Stored items
______
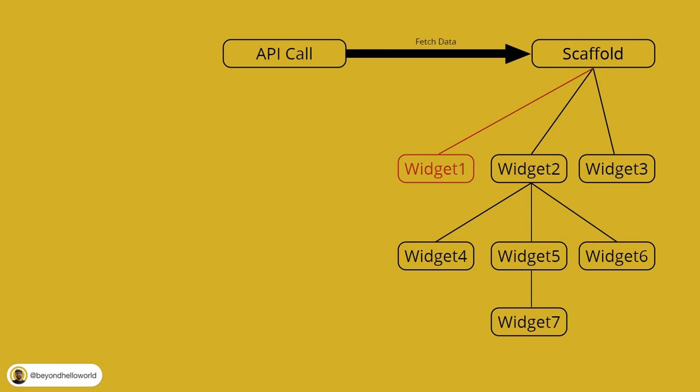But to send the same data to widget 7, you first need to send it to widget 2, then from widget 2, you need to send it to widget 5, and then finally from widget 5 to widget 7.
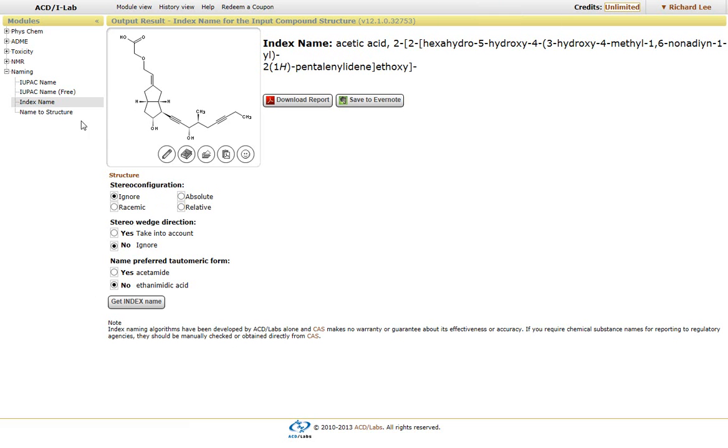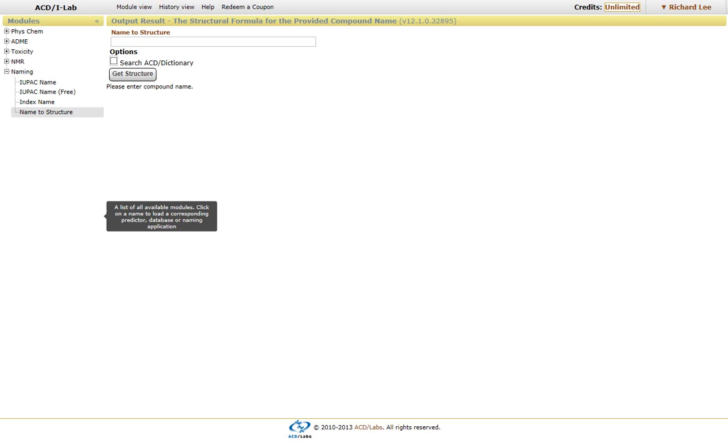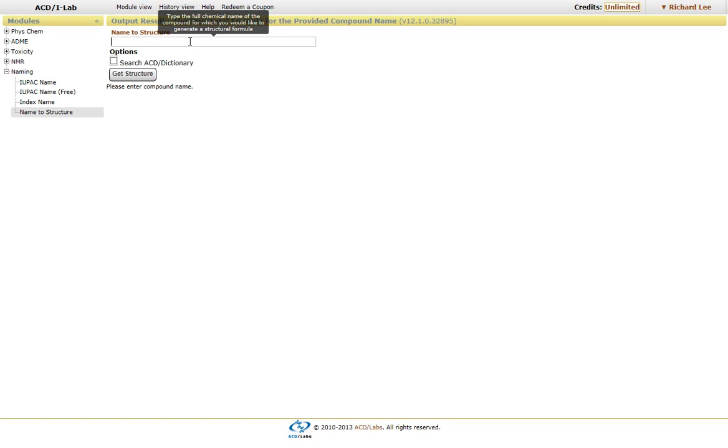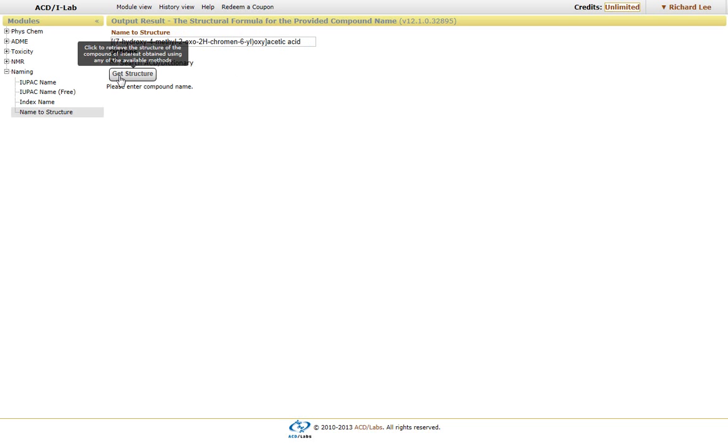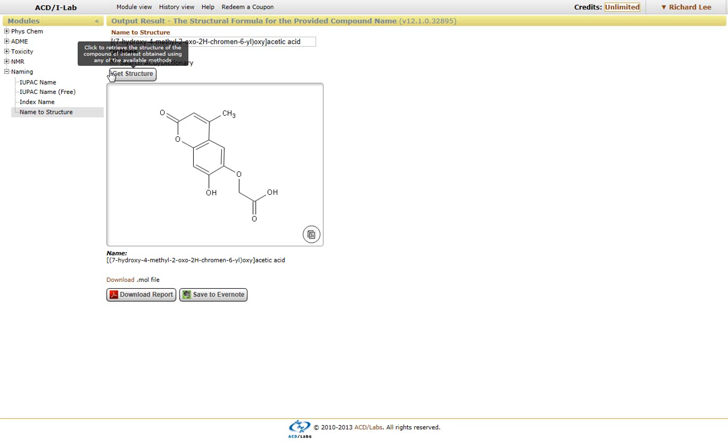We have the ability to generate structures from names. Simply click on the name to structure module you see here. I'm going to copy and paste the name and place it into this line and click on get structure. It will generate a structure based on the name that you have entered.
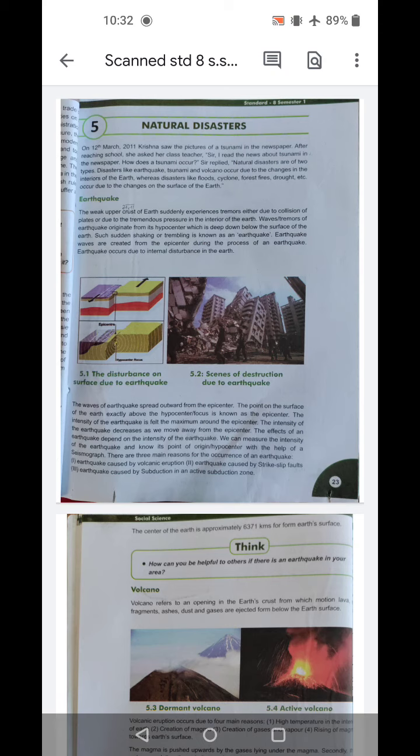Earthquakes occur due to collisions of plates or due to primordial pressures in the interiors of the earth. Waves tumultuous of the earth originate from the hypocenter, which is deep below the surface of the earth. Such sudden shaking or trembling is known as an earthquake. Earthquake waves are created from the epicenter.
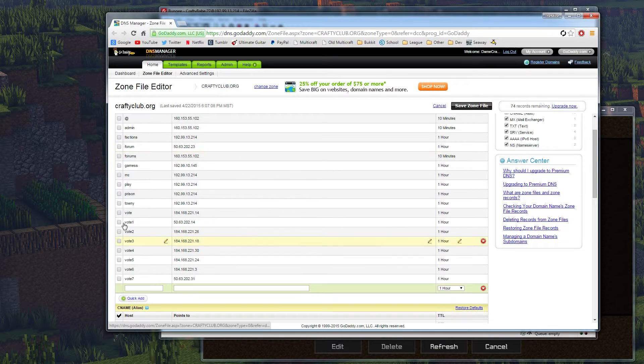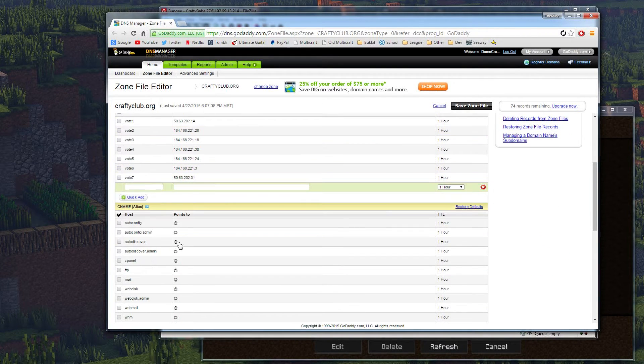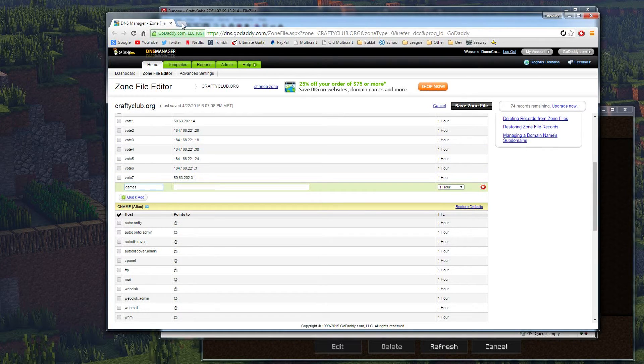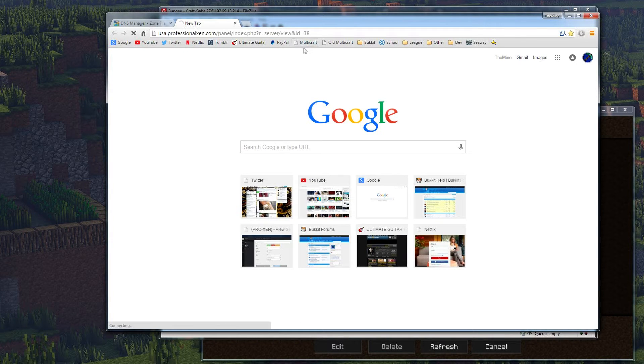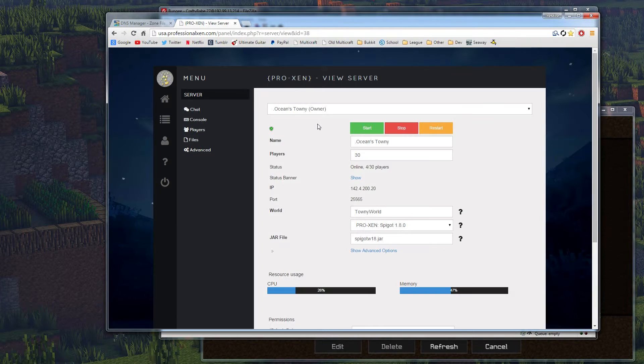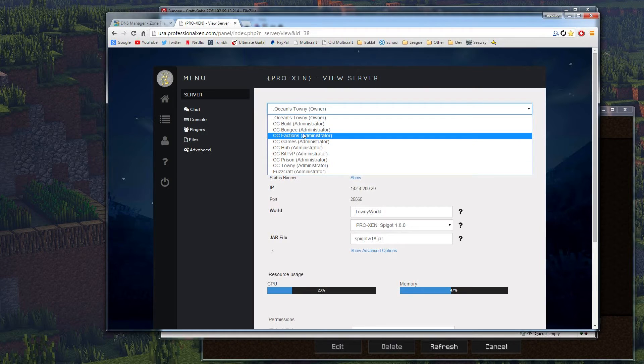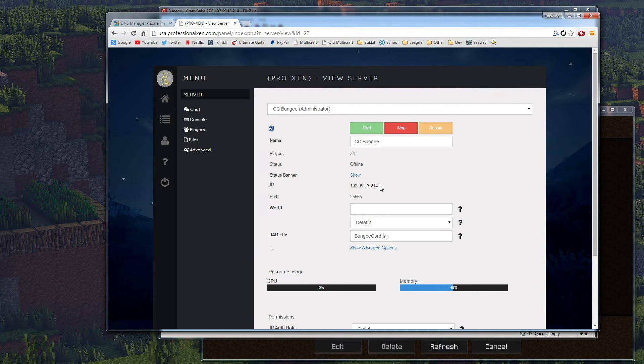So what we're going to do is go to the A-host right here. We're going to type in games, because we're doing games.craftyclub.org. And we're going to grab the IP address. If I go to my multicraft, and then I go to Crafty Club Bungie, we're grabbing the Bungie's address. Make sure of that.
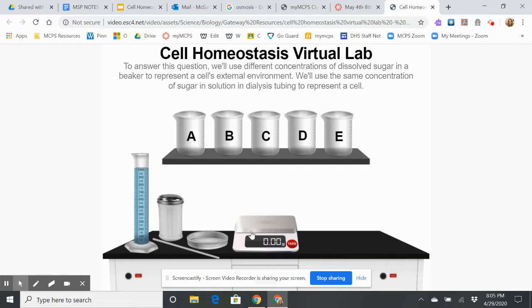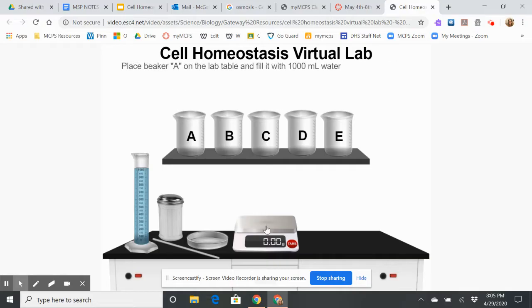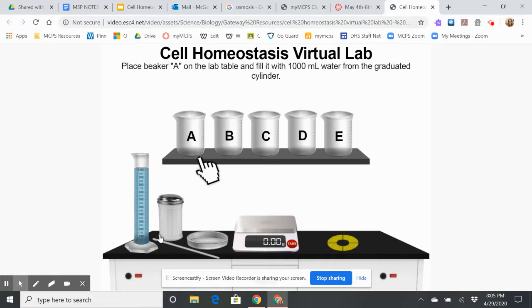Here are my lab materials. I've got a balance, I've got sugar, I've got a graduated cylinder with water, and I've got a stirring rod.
______
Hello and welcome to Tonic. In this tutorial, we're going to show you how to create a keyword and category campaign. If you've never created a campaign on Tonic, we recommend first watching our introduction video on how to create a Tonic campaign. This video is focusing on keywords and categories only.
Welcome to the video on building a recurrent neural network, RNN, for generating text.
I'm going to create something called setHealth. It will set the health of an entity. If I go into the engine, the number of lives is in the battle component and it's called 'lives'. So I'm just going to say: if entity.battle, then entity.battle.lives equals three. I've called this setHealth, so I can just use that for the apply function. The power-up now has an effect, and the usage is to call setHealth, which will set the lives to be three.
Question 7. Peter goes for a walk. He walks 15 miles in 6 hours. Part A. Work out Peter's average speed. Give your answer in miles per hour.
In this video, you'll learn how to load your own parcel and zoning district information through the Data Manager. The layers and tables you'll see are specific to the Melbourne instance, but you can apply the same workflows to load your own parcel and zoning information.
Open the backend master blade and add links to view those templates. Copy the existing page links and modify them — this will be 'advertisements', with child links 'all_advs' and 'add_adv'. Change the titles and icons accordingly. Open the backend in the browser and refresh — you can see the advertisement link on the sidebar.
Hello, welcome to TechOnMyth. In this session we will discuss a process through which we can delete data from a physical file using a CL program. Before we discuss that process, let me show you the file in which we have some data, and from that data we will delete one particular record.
______
▸ **TASK DIRECTIONS**: Print exactly the lines above that run from the one with "But to send" down to the one with "Here are my", and omit the pictures.

▸ **EXERCISE SOLUTION**:
But to send the same data to widget 7, you first need to send it to widget 2, then from widget 2, you need to send it to widget 5, and then finally from widget 5 to widget 7.
We have the ability to generate structures from names. Simply click on the name to structure module you see here. I'm going to copy and paste the name and place it into this line and click on get structure. It will generate a structure based on the name that you have entered.
Earthquakes occur due to collisions of plates or due to primordial pressures in the interiors of the earth. Waves tumultuous of the earth originate from the hypocenter, which is deep below the surface of the earth. Such sudden shaking or trembling is known as an earthquake. Earthquake waves are created from the epicenter.
So what we're going to do is go to the A-host right here. We're going to type in games, because we're doing games.craftyclub.org. And we're going to grab the IP address. If I go to my multicraft, and then I go to Crafty Club Bungie, we're grabbing the Bungie's address. Make sure of that.
Here are my lab materials. I've got a balance, I've got sugar, I've got a graduated cylinder with water, and I've got a stirring rod.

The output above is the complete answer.